======== Provided information ========

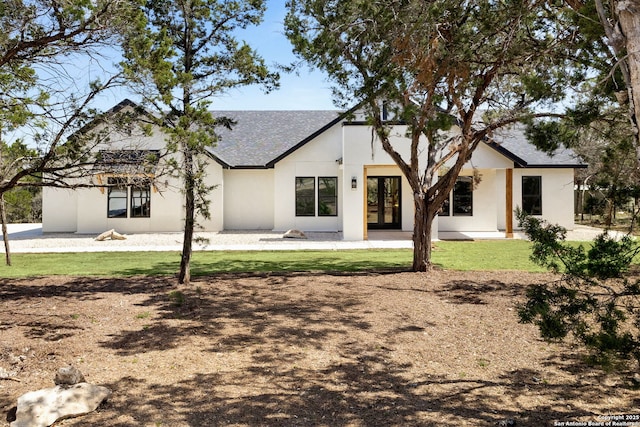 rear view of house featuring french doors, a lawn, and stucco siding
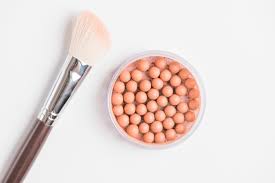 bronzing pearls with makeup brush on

========
======== Provided information ========

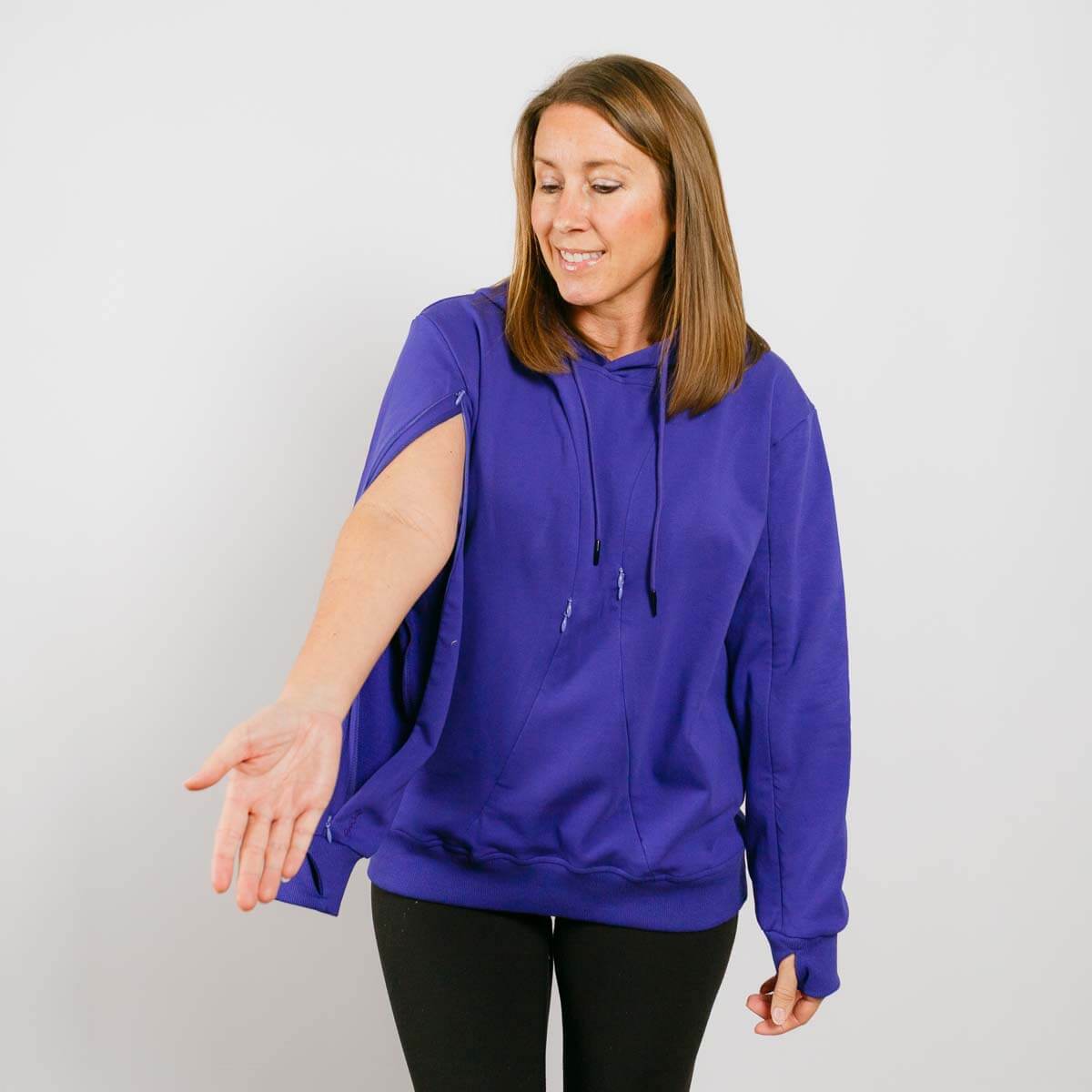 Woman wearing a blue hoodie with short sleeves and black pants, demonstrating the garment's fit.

========

Problem details
From the data above, return exactly the lines from the one with "rear view of" up to and including the one with "bronzing pearls with makeup brush on". Pictures do not go in the copy.

Your solution
 rear view of house featuring french doors, a lawn, and stucco siding
 bronzing pearls with makeup brush on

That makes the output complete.